**Work to complete:** Type out the complete listing below word for word, without its pictures.

**Data extract:**
····················

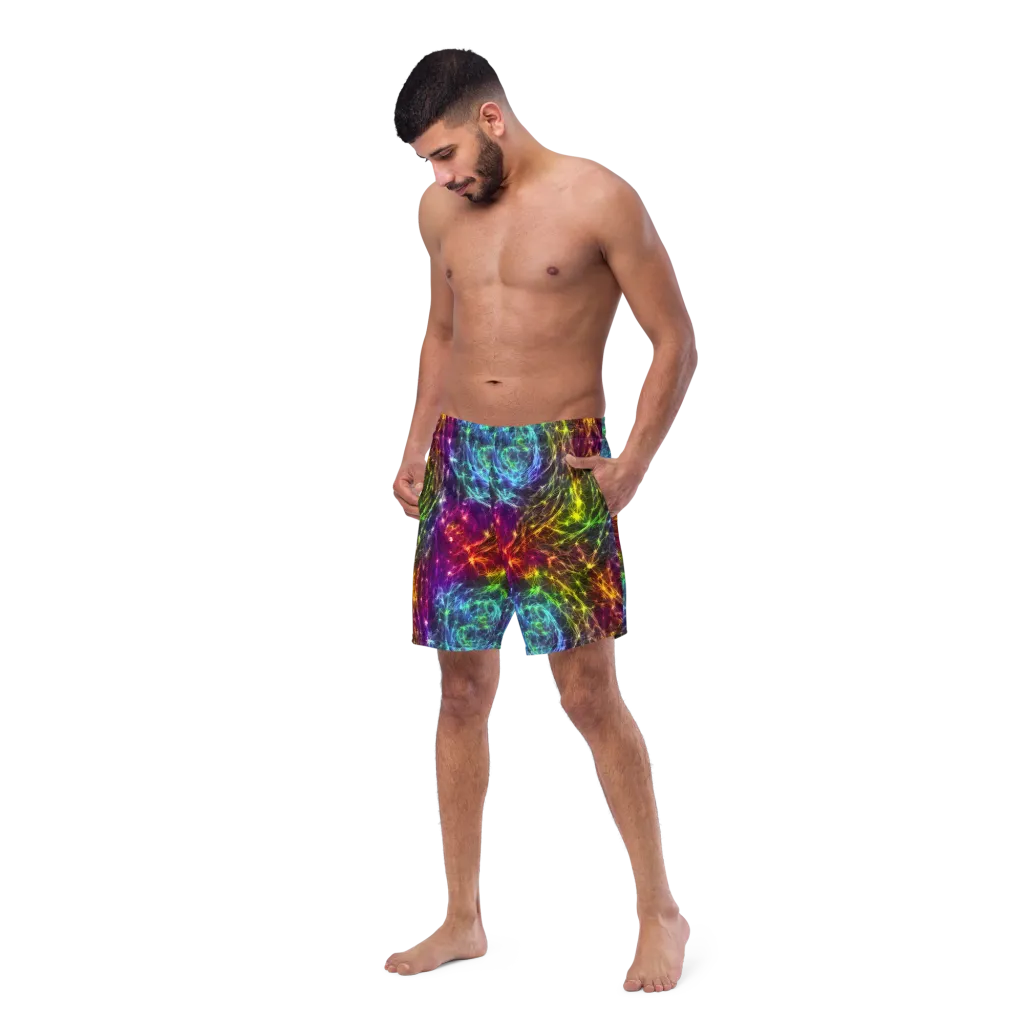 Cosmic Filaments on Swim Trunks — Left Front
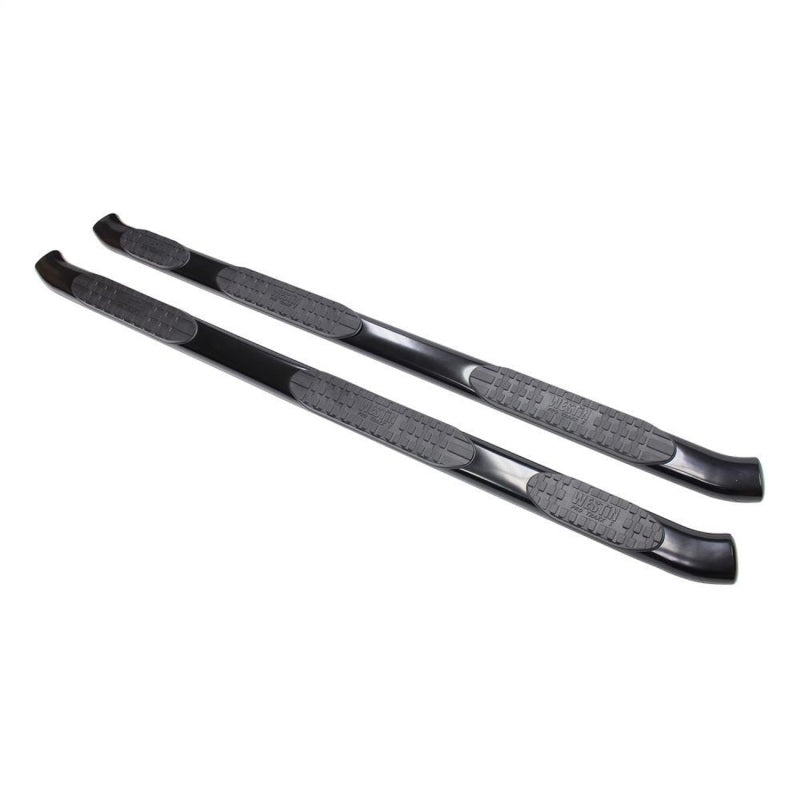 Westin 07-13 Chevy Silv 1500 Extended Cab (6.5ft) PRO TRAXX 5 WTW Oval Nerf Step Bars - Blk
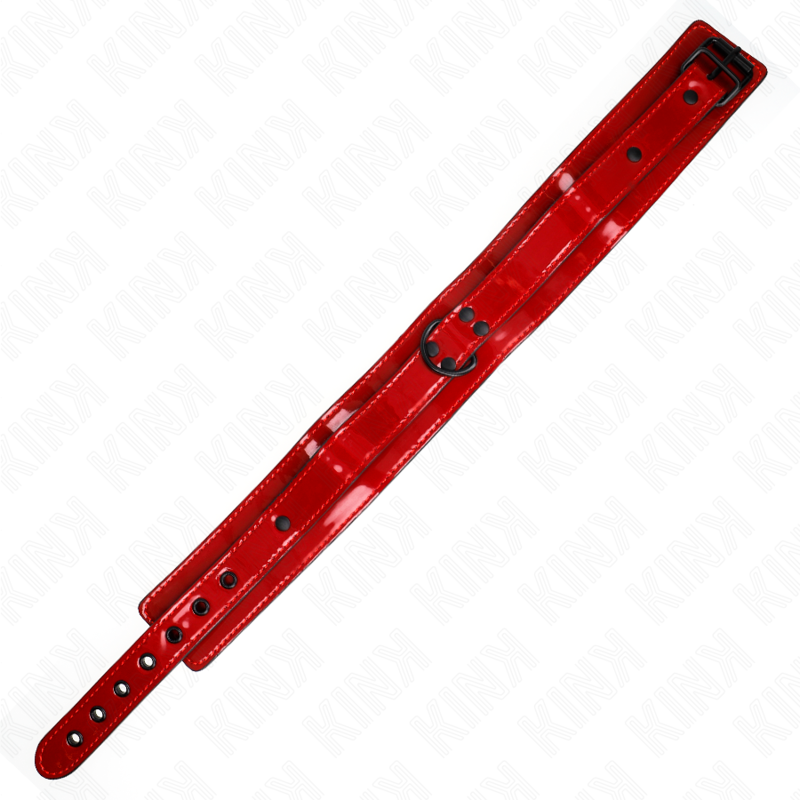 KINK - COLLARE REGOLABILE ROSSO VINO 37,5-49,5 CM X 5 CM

····················

**Reply to the task:**
 Cosmic Filaments on Swim Trunks — Left Front
 Westin 07-13 Chevy Silv 1500 Extended Cab (6.5ft) PRO TRAXX 5 WTW Oval Nerf Step Bars - Blk
 KINK - COLLARE REGOLABILE ROSSO VINO 37,5-49,5 CM X 5 CM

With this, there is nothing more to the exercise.